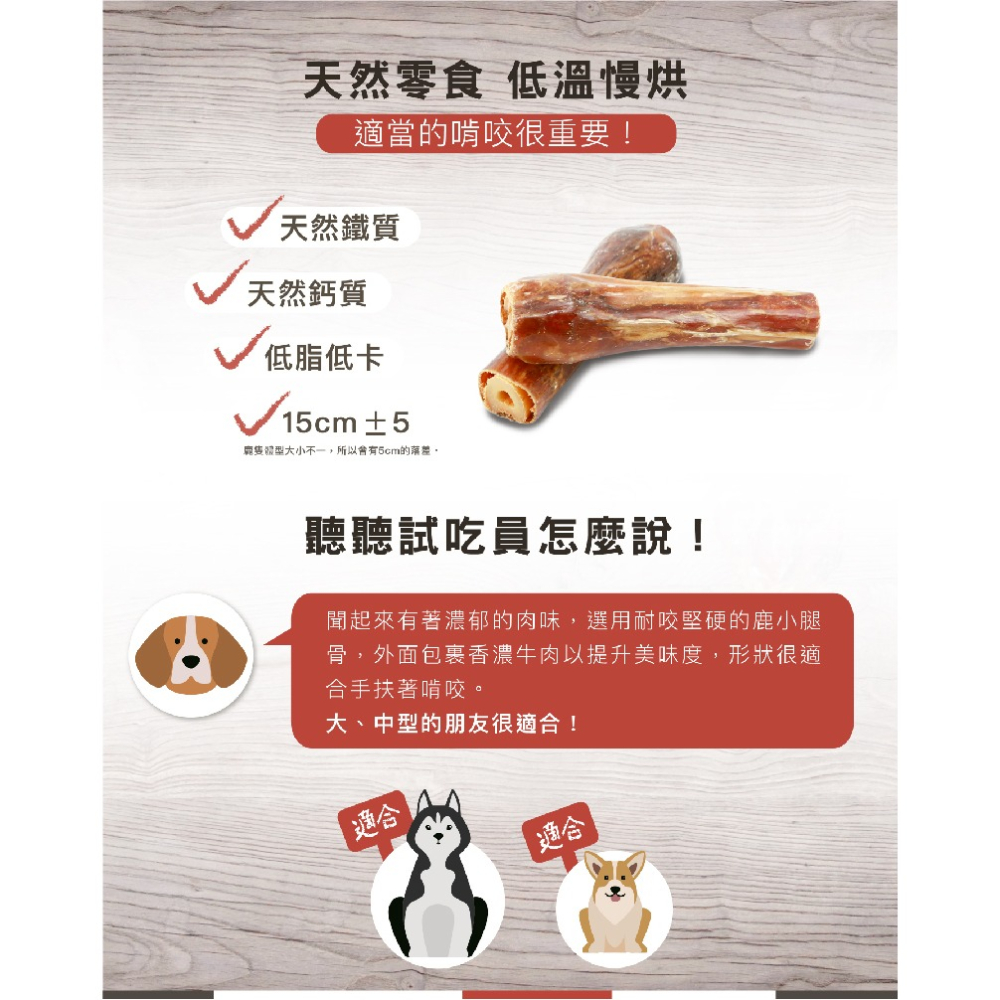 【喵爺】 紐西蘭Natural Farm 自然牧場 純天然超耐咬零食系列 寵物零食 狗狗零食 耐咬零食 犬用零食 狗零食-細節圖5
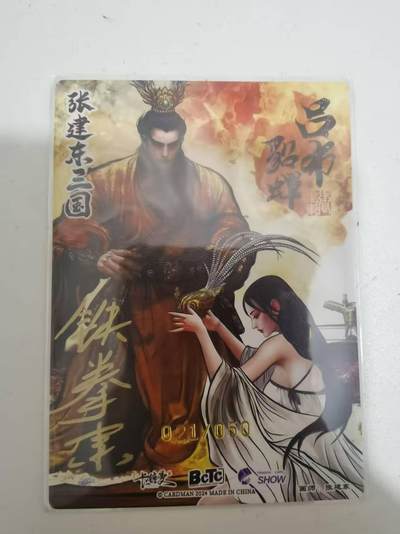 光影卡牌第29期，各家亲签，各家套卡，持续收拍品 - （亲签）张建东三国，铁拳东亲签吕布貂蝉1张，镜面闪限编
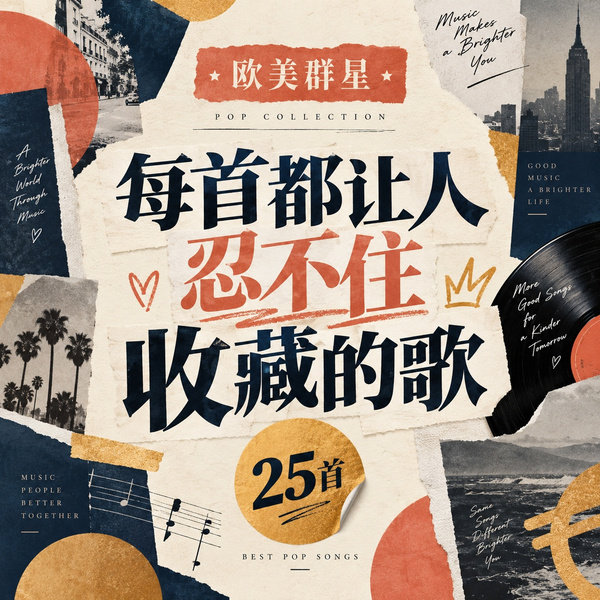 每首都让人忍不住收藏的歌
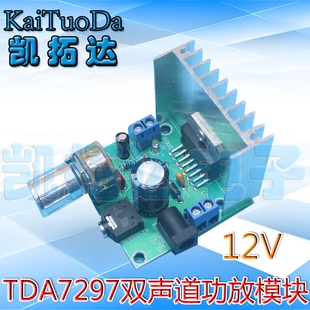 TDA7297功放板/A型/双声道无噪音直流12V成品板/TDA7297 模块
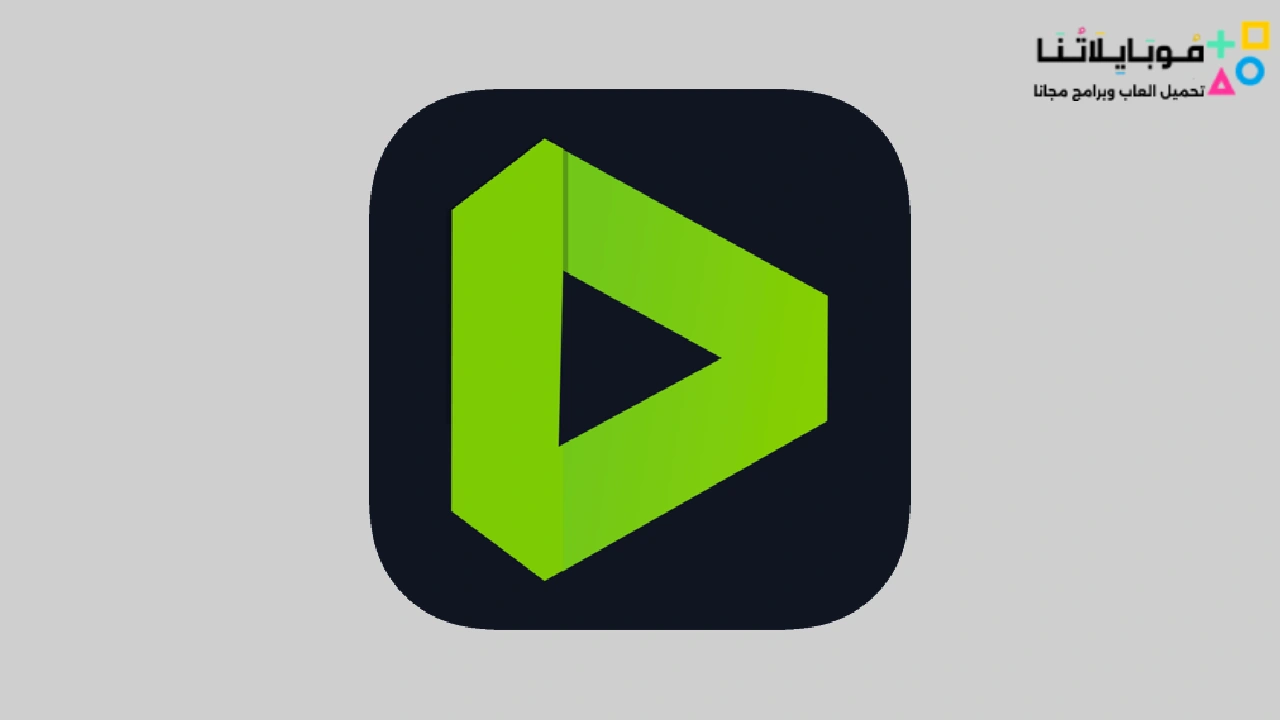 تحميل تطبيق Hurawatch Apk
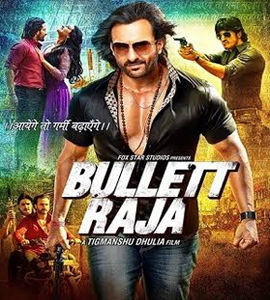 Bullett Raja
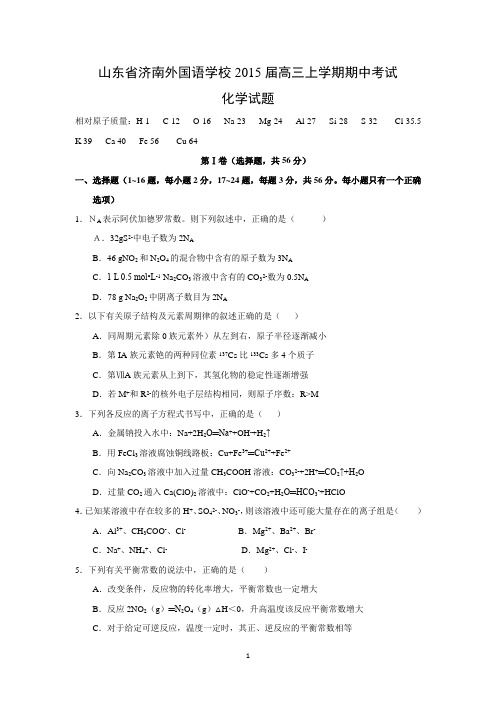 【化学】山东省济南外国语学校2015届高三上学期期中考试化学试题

————————

Restate each entry word for word. Omit every picture.

• **SOLVED EXERCISE**
 【喵爺】 紐西蘭Natural Farm 自然牧場 純天然超耐咬零食系列 寵物零食 狗狗零食 耐咬零食 犬用零食 狗零食-細節圖5
 光影卡牌第29期，各家亲签，各家套卡，持续收拍品 - （亲签）张建东三国，铁拳东亲签吕布貂蝉1张，镜面闪限编
 每首都让人忍不住收藏的歌
 TDA7297功放板/A型/双声道无噪音直流12V成品板/TDA7297 模块
 تحميل تطبيق Hurawatch Apk
 Bullett Raja
 【化学】山东省济南外国语学校2015届高三上学期期中考试化学试题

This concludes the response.